In the entries below, find the line with "(Taken with instagram)" and print exactly every line from there up to and including the line with "20473 W McKinney AVE, Dunnellon, FL 34431", with no other lines.

MATERIAL FOR THIS EXERCISE
◇ ◇ ◇

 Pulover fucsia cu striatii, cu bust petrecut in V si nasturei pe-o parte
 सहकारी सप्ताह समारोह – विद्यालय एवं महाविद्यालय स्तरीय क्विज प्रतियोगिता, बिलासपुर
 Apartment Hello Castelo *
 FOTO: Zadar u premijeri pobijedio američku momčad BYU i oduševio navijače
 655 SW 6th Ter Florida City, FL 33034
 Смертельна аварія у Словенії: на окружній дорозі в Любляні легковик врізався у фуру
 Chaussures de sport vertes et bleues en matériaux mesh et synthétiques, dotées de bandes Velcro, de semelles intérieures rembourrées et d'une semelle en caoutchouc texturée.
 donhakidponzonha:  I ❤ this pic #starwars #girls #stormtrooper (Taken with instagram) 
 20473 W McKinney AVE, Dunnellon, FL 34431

◇ ◇ ◇

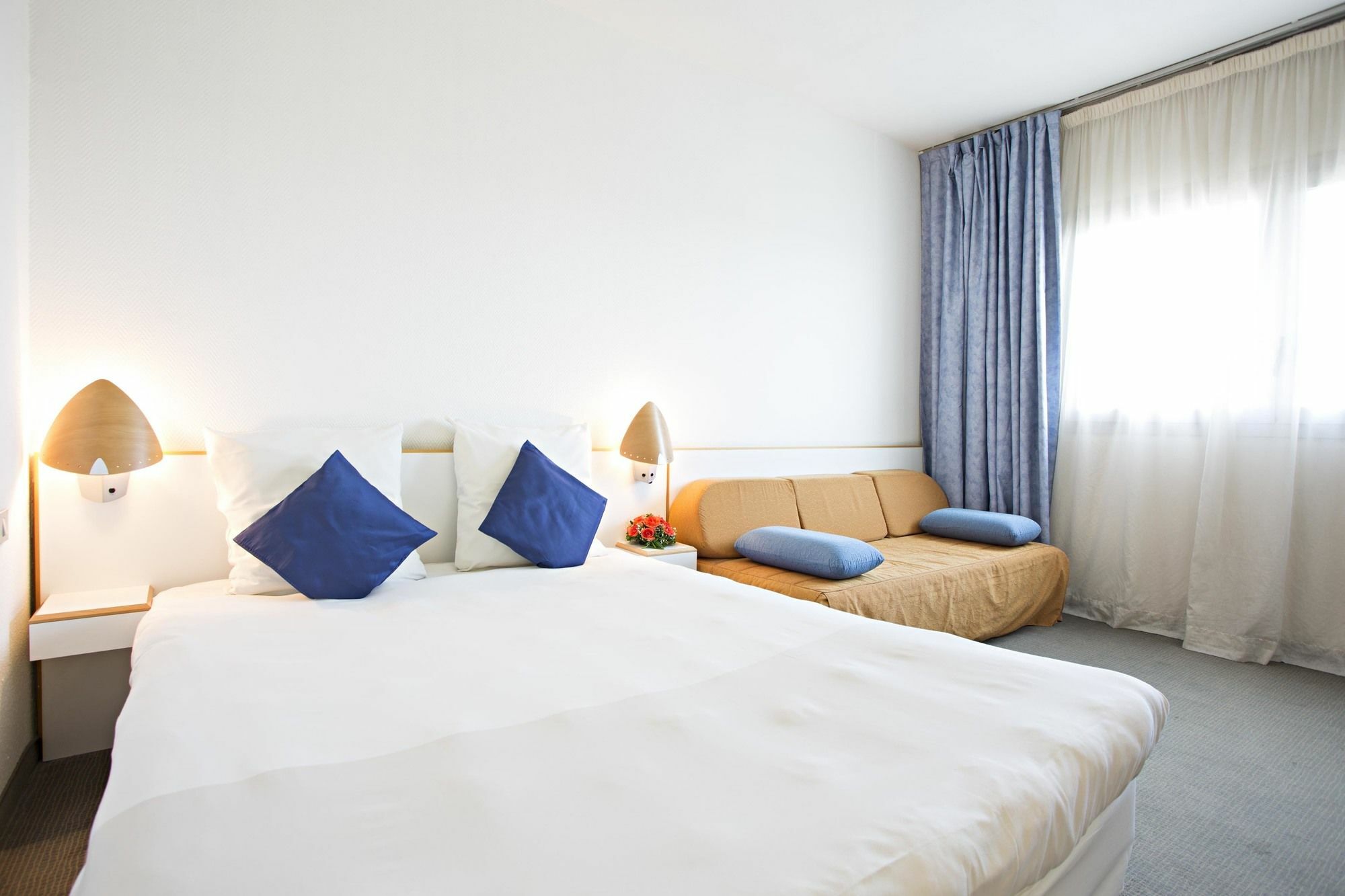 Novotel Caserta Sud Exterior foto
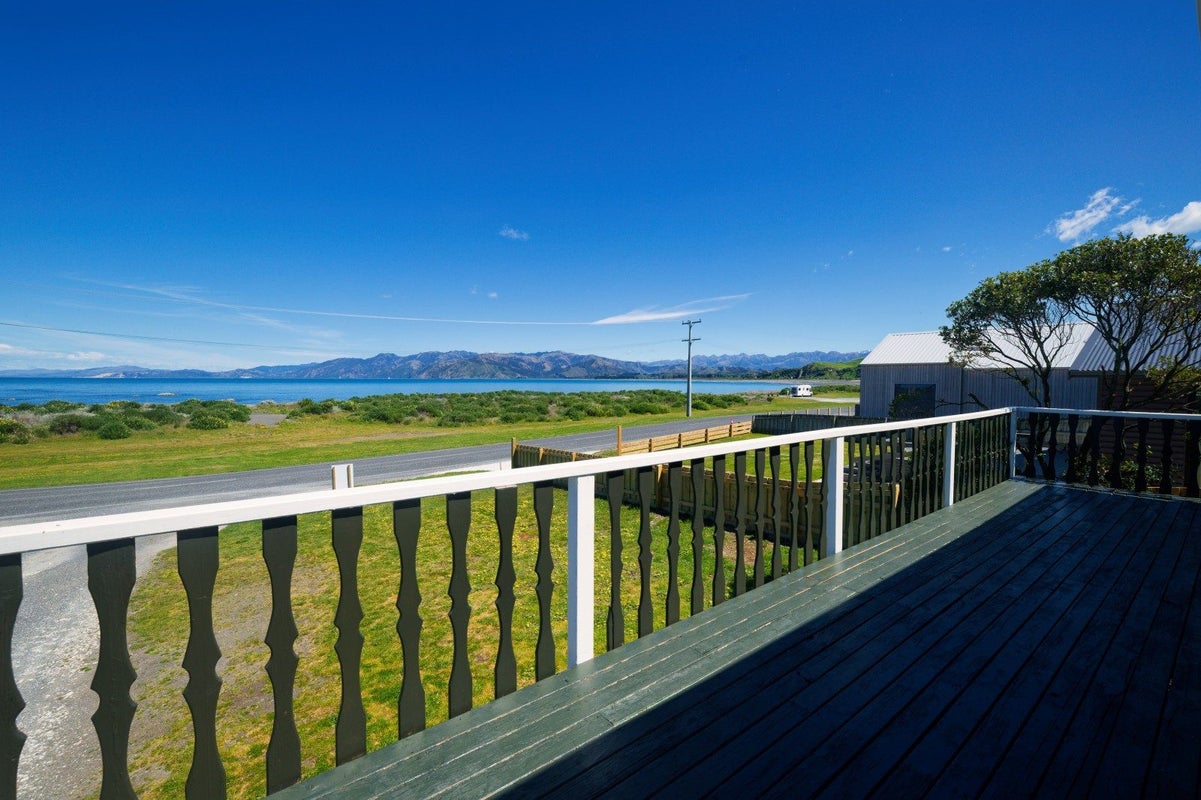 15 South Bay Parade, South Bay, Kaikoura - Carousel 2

◇ ◇ ◇

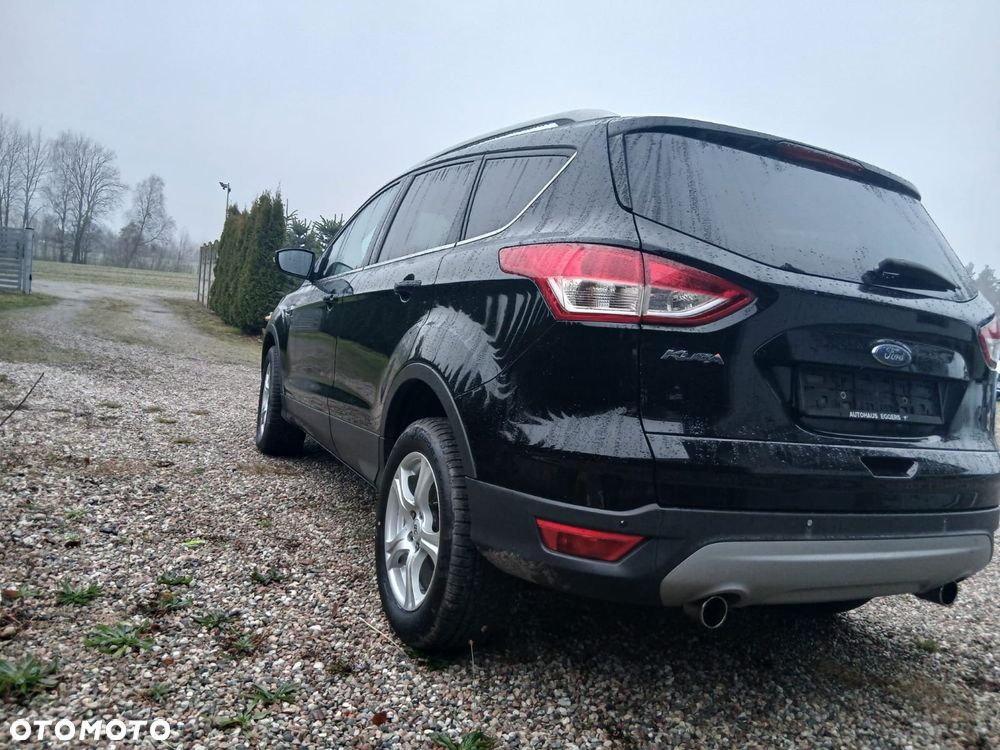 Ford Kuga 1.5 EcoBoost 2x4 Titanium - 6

◇ ◇ ◇

SOLVED EXERCISE
 donhakidponzonha:  I ❤ this pic #starwars #girls #stormtrooper (Taken with instagram) 
 20473 W McKinney AVE, Dunnellon, FL 34431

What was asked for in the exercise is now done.